(EXTRACTED MATERIAL Opens)

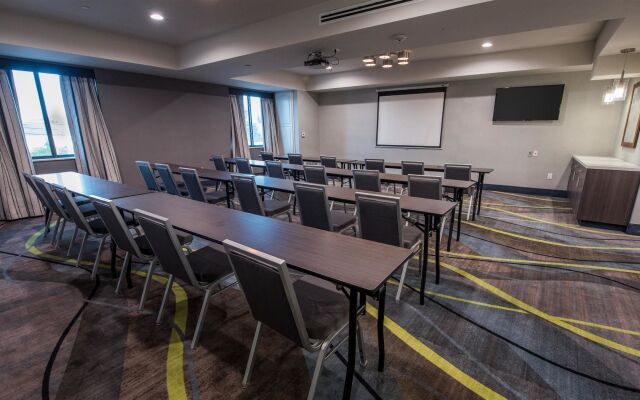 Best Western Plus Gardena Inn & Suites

(EXTRACTED MATERIAL Closes)
(EXTRACTED MATERIAL Opens)

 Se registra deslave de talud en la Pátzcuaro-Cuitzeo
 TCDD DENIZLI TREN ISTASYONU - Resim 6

(EXTRACTED MATERIAL Closes)

ASSIGNMENT
Keep both end lines and retype everything in the records above from the line containing "Se registra deslave" through the line containing "TCDD DENIZLI TREN ISTASYONU - Resim 6", exactly, with nothing else.

RESPONSE BOX
 Se registra deslave de talud en la Pátzcuaro-Cuitzeo
 TCDD DENIZLI TREN ISTASYONU - Resim 6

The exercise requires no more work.